Road signage has an ultimate role; as a communication and information tools to secure smooth road traffic flow and provide safe and easy driving environments for drivers. Nowadays, road sign management should go beyond than just providing direction information. There is a need for an intelligent transportation system (ITS) to provide timely, accurate and automatic management of road signs and to equip the drivers or traffic users with the relevant real-time information, thus a lot of money and time can be saved.
Road signs are communicating information to secure smooth road traffic flow, and provide safe and easy driving environments for drivers. The signs, that provide information to drivers, include road signs and traffic signs. The main role of traffic signs is to warn/regulate/direct traffic or to provide information on road conditions. The main role of road signs is to provide information for the correct movement of drivers and for smooth traffic flow. Redundant implementation or incorrect placement of road signs must be minimized, because road signs have to provide relevant real-time information to drivers.
In current road sign management system, content modification and renewal works are typically carried out manually, thus a lot of time and money being wasted due to inefficiency in the operating system. There is an urgent need to integrate and manage this works automatically for timely and accurate management of road signs. In addition, inaccurate direction information can cause great confusion for the driver heading to an unfamiliar destination.
An automatic technique for road signage is an important component of the base technique for constructing an intelligent transportation system (ITS) with automatic recognition of number plates and traffic signs using image processing and computer vision techniques. These automatic techniques can be divided into automatic panel detection methods and automatic recognition of sign information. Road signs express the directional information by using colors, shapes, symbols, and text. Consequently, it is difficult to apply recognition techniques directly to road signs because the information included in signs takes many different forms. However, informational road sign recognition and related research results are still mostly at a more fundamental level than traffic sign recognition research.

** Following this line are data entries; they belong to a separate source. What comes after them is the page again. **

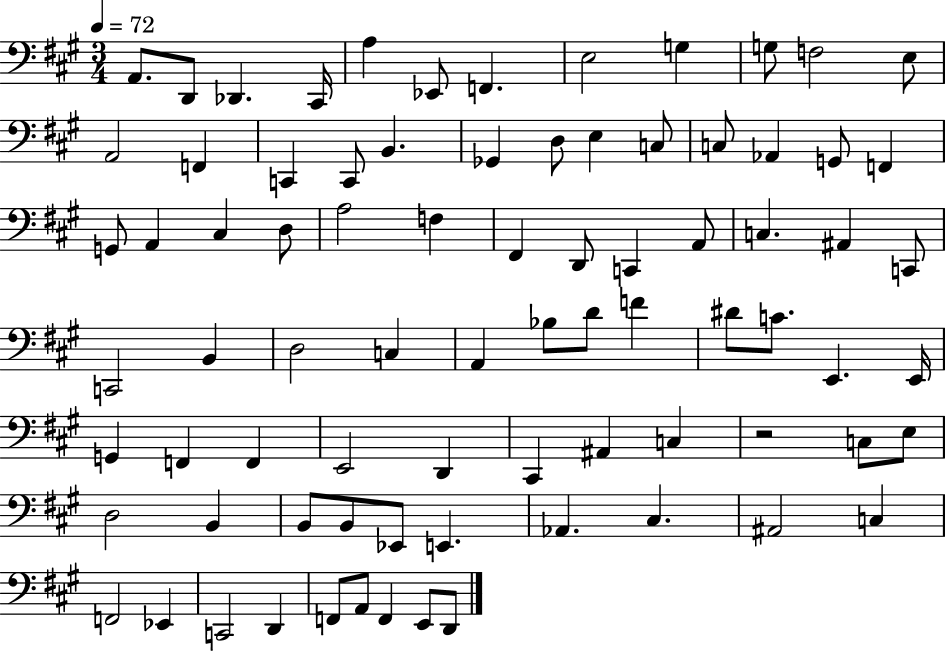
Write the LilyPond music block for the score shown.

{
  \clef bass
  \numericTimeSignature
  \time 3/4
  \key a \major
  \tempo 4 = 72
  a,8. d,8 des,4. cis,16 | a4 ees,8 f,4. | e2 g4 | g8 f2 e8 | \break a,2 f,4 | c,4 c,8 b,4. | ges,4 d8 e4 c8 | c8 aes,4 g,8 f,4 | \break g,8 a,4 cis4 d8 | a2 f4 | fis,4 d,8 c,4 a,8 | c4. ais,4 c,8 | \break c,2 b,4 | d2 c4 | a,4 bes8 d'8 f'4 | dis'8 c'8. e,4. e,16 | \break g,4 f,4 f,4 | e,2 d,4 | cis,4 ais,4 c4 | r2 c8 e8 | \break d2 b,4 | b,8 b,8 ees,8 e,4. | aes,4. cis4. | ais,2 c4 | \break f,2 ees,4 | c,2 d,4 | f,8 a,8 f,4 e,8 d,8 | \bar "|."
}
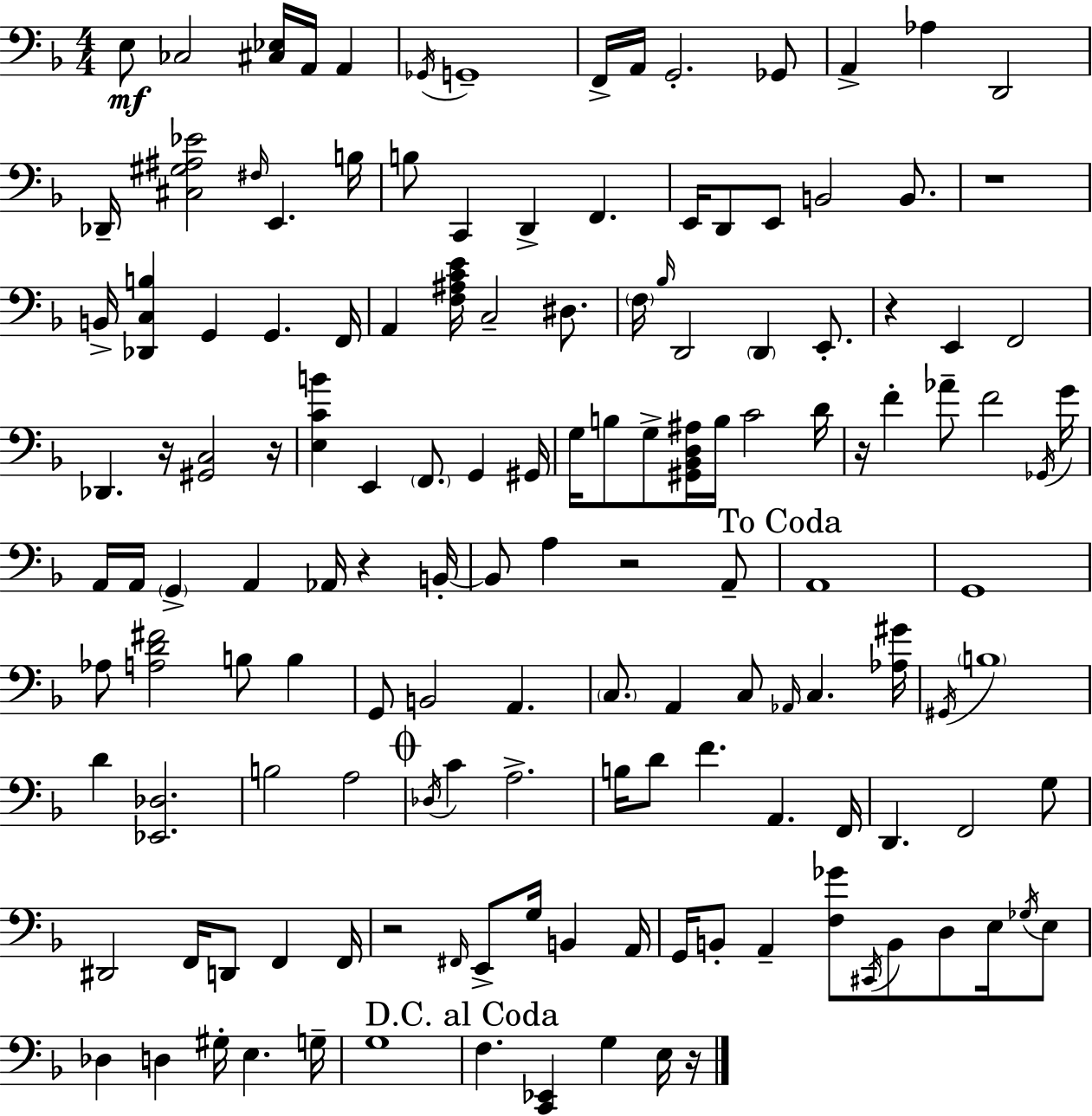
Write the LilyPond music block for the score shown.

{
  \clef bass
  \numericTimeSignature
  \time 4/4
  \key d \minor
  e8\mf ces2 <cis ees>16 a,16 a,4 | \acciaccatura { ges,16 } g,1-- | f,16-> a,16 g,2.-. ges,8 | a,4-> aes4 d,2 | \break des,16-- <cis gis ais ees'>2 \grace { fis16 } e,4. | b16 b8 c,4 d,4-> f,4. | e,16 d,8 e,8 b,2 b,8. | r1 | \break b,16-> <des, c b>4 g,4 g,4. | f,16 a,4 <f ais c' e'>16 c2-- dis8. | \parenthesize f16 \grace { bes16 } d,2 \parenthesize d,4 | e,8.-. r4 e,4 f,2 | \break des,4. r16 <gis, c>2 | r16 <e c' b'>4 e,4 \parenthesize f,8. g,4 | gis,16 g16 b8 g8-> <gis, bes, d ais>16 b16 c'2 | d'16 r16 f'4-. aes'8-- f'2 | \break \acciaccatura { ges,16 } g'16 a,16 a,16 \parenthesize g,4-> a,4 aes,16 r4 | b,16-.~~ b,8 a4 r2 | a,8-- \mark "To Coda" a,1 | g,1 | \break aes8 <a d' fis'>2 b8 | b4 g,8 b,2 a,4. | \parenthesize c8. a,4 c8 \grace { aes,16 } c4. | <aes gis'>16 \acciaccatura { gis,16 } \parenthesize b1 | \break d'4 <ees, des>2. | b2 a2 | \mark \markup { \musicglyph "scripts.coda" } \acciaccatura { des16 } c'4 a2.-> | b16 d'8 f'4. | \break a,4. f,16 d,4. f,2 | g8 dis,2 f,16 | d,8 f,4 f,16 r2 \grace { fis,16 } | e,8-> g16 b,4 a,16 g,16 b,8-. a,4-- <f ges'>8 | \break \acciaccatura { cis,16 } b,8 d8 e16 \acciaccatura { ges16 } e8 des4 d4 | gis16-. e4. g16-- g1 | \mark "D.C. al Coda" f4. | <c, ees,>4 g4 e16 r16 \bar "|."
}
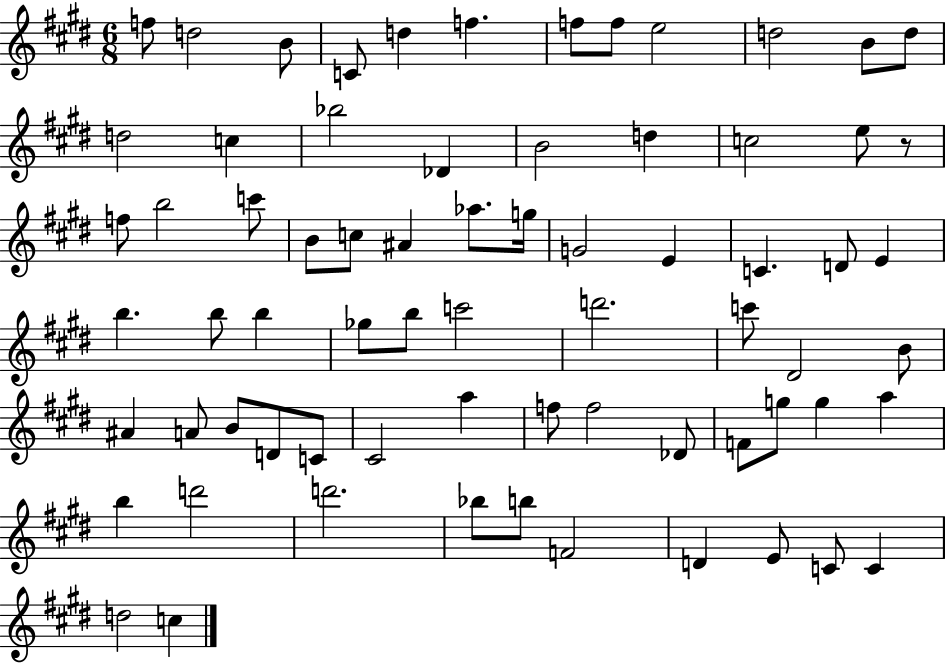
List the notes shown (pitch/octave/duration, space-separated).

F5/e D5/h B4/e C4/e D5/q F5/q. F5/e F5/e E5/h D5/h B4/e D5/e D5/h C5/q Bb5/h Db4/q B4/h D5/q C5/h E5/e R/e F5/e B5/h C6/e B4/e C5/e A#4/q Ab5/e. G5/s G4/h E4/q C4/q. D4/e E4/q B5/q. B5/e B5/q Gb5/e B5/e C6/h D6/h. C6/e D#4/h B4/e A#4/q A4/e B4/e D4/e C4/e C#4/h A5/q F5/e F5/h Db4/e F4/e G5/e G5/q A5/q B5/q D6/h D6/h. Bb5/e B5/e F4/h D4/q E4/e C4/e C4/q D5/h C5/q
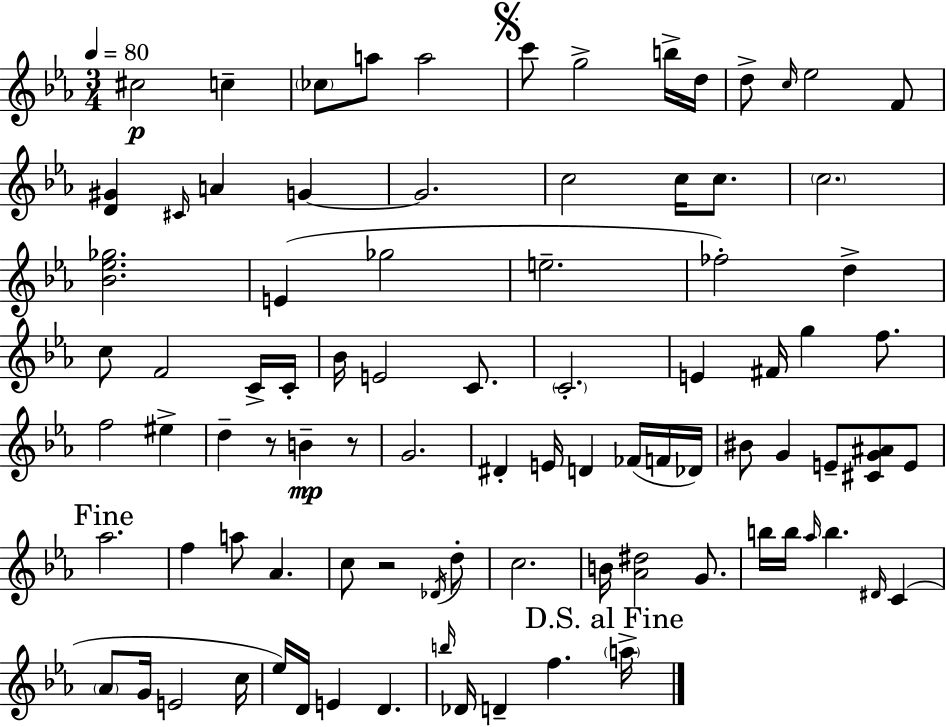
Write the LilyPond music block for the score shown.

{
  \clef treble
  \numericTimeSignature
  \time 3/4
  \key ees \major
  \tempo 4 = 80
  cis''2\p c''4-- | \parenthesize ces''8 a''8 a''2 | \mark \markup { \musicglyph "scripts.segno" } c'''8 g''2-> b''16-> d''16 | d''8-> \grace { c''16 } ees''2 f'8 | \break <d' gis'>4 \grace { cis'16 } a'4 g'4~~ | g'2. | c''2 c''16 c''8. | \parenthesize c''2. | \break <bes' ees'' ges''>2. | e'4( ges''2 | e''2.-- | fes''2-.) d''4-> | \break c''8 f'2 | c'16-> c'16-. bes'16 e'2 c'8. | \parenthesize c'2.-. | e'4 fis'16 g''4 f''8. | \break f''2 eis''4-> | d''4-- r8 b'4--\mp | r8 g'2. | dis'4-. e'16 d'4 fes'16( | \break f'16 des'16) bis'8 g'4 e'8-- <cis' g' ais'>8 | e'8 \mark "Fine" aes''2. | f''4 a''8 aes'4. | c''8 r2 | \break \acciaccatura { des'16 } d''8-. c''2. | b'16 <aes' dis''>2 | g'8. b''16 b''16 \grace { aes''16 } b''4. | \grace { dis'16 } c'4( \parenthesize aes'8 g'16 e'2 | \break c''16 ees''16) d'16 e'4 d'4. | \grace { b''16 } des'16 d'4-- f''4. | \mark "D.S. al Fine" \parenthesize a''16-> \bar "|."
}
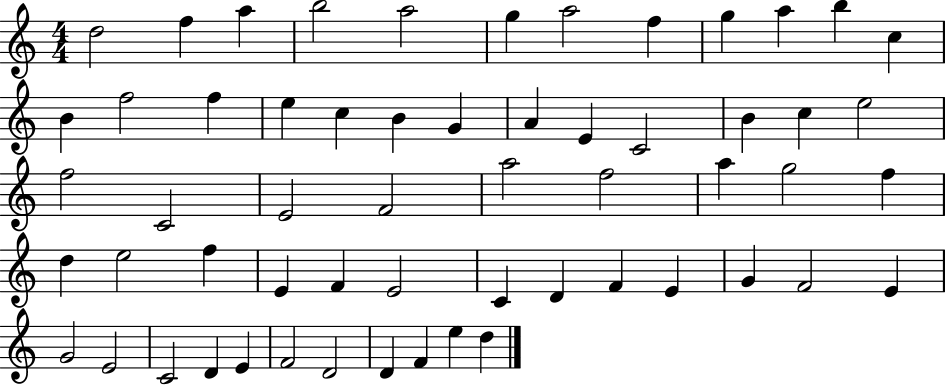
{
  \clef treble
  \numericTimeSignature
  \time 4/4
  \key c \major
  d''2 f''4 a''4 | b''2 a''2 | g''4 a''2 f''4 | g''4 a''4 b''4 c''4 | \break b'4 f''2 f''4 | e''4 c''4 b'4 g'4 | a'4 e'4 c'2 | b'4 c''4 e''2 | \break f''2 c'2 | e'2 f'2 | a''2 f''2 | a''4 g''2 f''4 | \break d''4 e''2 f''4 | e'4 f'4 e'2 | c'4 d'4 f'4 e'4 | g'4 f'2 e'4 | \break g'2 e'2 | c'2 d'4 e'4 | f'2 d'2 | d'4 f'4 e''4 d''4 | \break \bar "|."
}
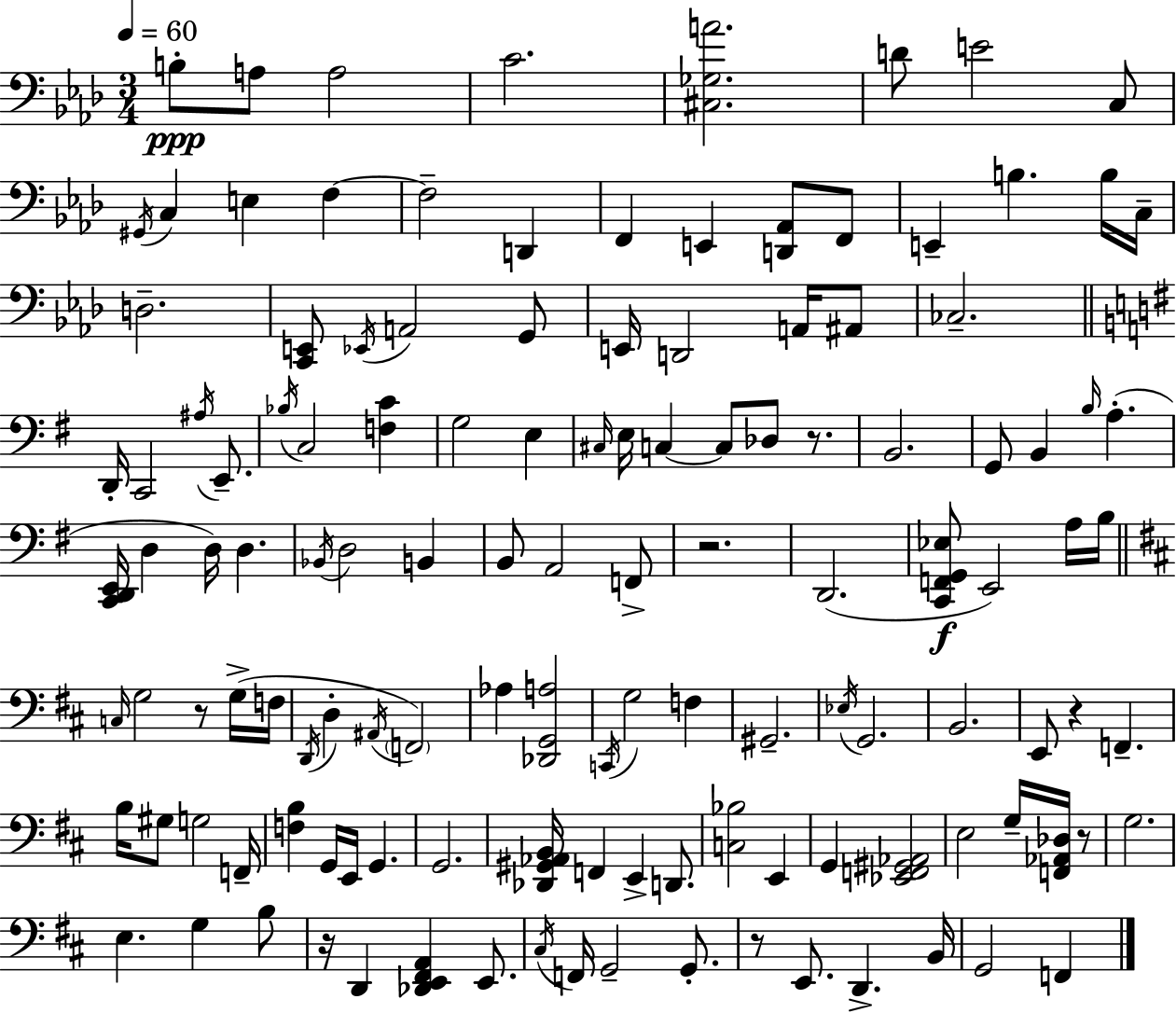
B3/e A3/e A3/h C4/h. [C#3,Gb3,A4]/h. D4/e E4/h C3/e G#2/s C3/q E3/q F3/q F3/h D2/q F2/q E2/q [D2,Ab2]/e F2/e E2/q B3/q. B3/s C3/s D3/h. [C2,E2]/e Eb2/s A2/h G2/e E2/s D2/h A2/s A#2/e CES3/h. D2/s C2/h A#3/s E2/e. Bb3/s C3/h [F3,C4]/q G3/h E3/q C#3/s E3/s C3/q C3/e Db3/e R/e. B2/h. G2/e B2/q B3/s A3/q. [C2,D2,E2]/s D3/q D3/s D3/q. Bb2/s D3/h B2/q B2/e A2/h F2/e R/h. D2/h. [C2,F2,G2,Eb3]/e E2/h A3/s B3/s C3/s G3/h R/e G3/s F3/s D2/s D3/q A#2/s F2/h Ab3/q [Db2,G2,A3]/h C2/s G3/h F3/q G#2/h. Eb3/s G2/h. B2/h. E2/e R/q F2/q. B3/s G#3/e G3/h F2/s [F3,B3]/q G2/s E2/s G2/q. G2/h. [Db2,G#2,Ab2,B2]/s F2/q E2/q D2/e. [C3,Bb3]/h E2/q G2/q [Eb2,F2,G#2,Ab2]/h E3/h G3/s [F2,Ab2,Db3]/s R/e G3/h. E3/q. G3/q B3/e R/s D2/q [Db2,E2,F#2,A2]/q E2/e. C#3/s F2/s G2/h G2/e. R/e E2/e. D2/q. B2/s G2/h F2/q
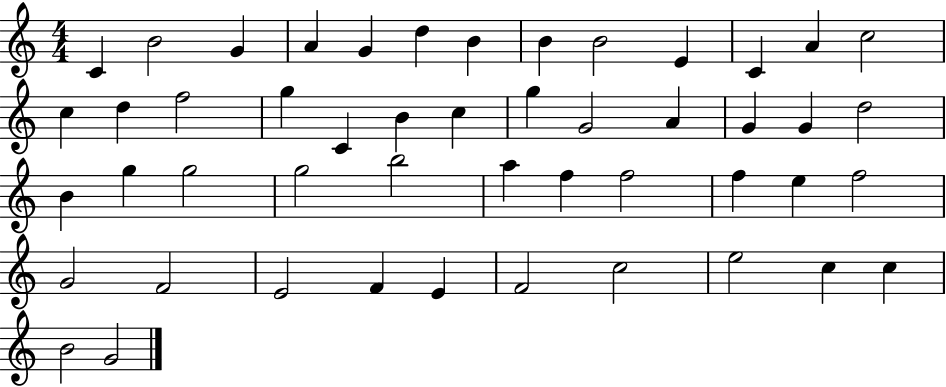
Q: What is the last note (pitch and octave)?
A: G4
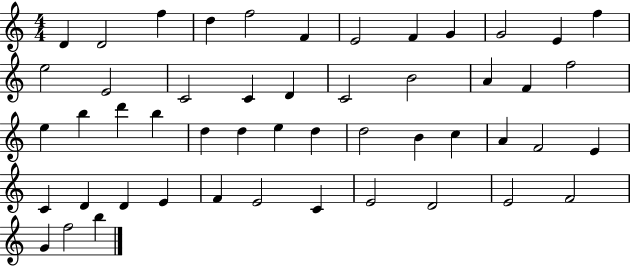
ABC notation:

X:1
T:Untitled
M:4/4
L:1/4
K:C
D D2 f d f2 F E2 F G G2 E f e2 E2 C2 C D C2 B2 A F f2 e b d' b d d e d d2 B c A F2 E C D D E F E2 C E2 D2 E2 F2 G f2 b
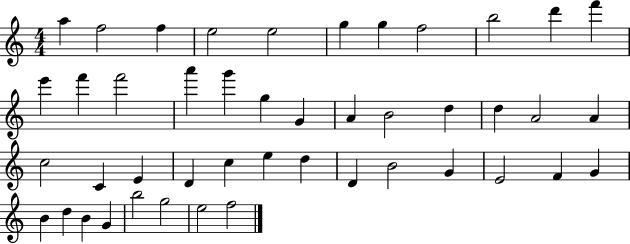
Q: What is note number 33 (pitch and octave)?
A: B4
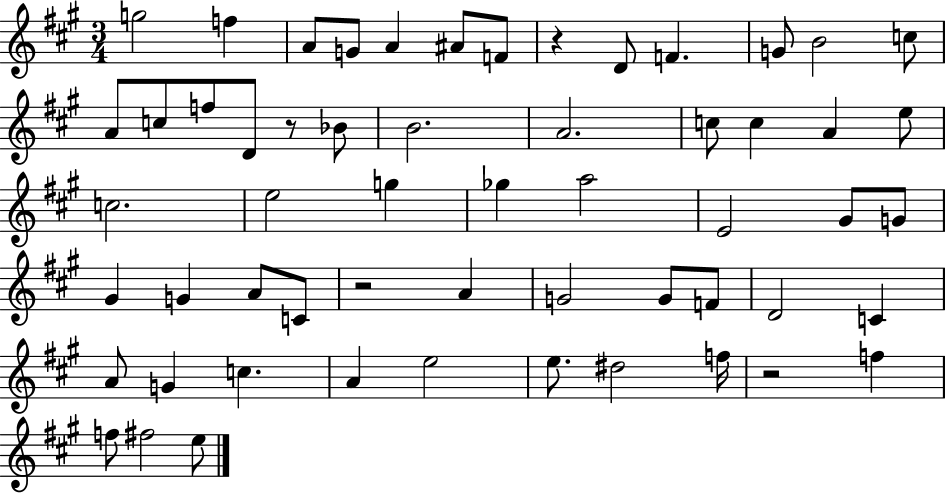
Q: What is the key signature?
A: A major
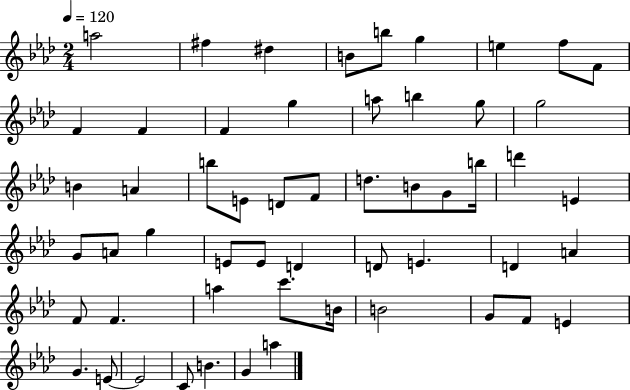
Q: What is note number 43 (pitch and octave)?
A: C6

The automation of content updates and modifications for the management of road sign information can be divided into two fields: automatic recognition of text information in the road sign and automatic recognition of graphic direction information. The automatic recognition of text information in a road sign applies a method of continuous form including segmentation, boundary detection, color analysis, and character outline analysis.
Since direction information is formatted according to a certain standard, detection of direction information in an image was done with an image matching method by converting the direction information using a detection template that conforms to a domestic road sign manufacturing standards database. Furthermore, it describes a faster effective image matching method by applying a characteristic extraction algorithm and a line-scan-form direction information field detection algorithm.
Road Sign Direction Information Automatic Recognition Method
The images taken on the road are not only the road signs but also include various details and backgrounds along the roads. In order to extract panel including road signs from the imagery captured by MMS, one can use color information in the imagery. However, this method may be affected by background images such as billboards, so criteria based on the size and form of the extracted surface relative to the MMS direction are required. Moreover, a hybrid method that applies these criteria by extracting information from horizontal surfaces perpendicular to the direction of travel based on MMS and ground LiDAR can be applied. In this research, only the image processing step was conducted, assuming that only the road sign panel was extracted from the road imagery captured by MMS. The automatic extraction of direction information from the imagery applied in this paper is divided into three stages: input image generation (preprocessing), arrow region extraction, and direction recognition through image matching.
Figure 1 shows the algorithm process for the automatic extraction of direction information applied in this study.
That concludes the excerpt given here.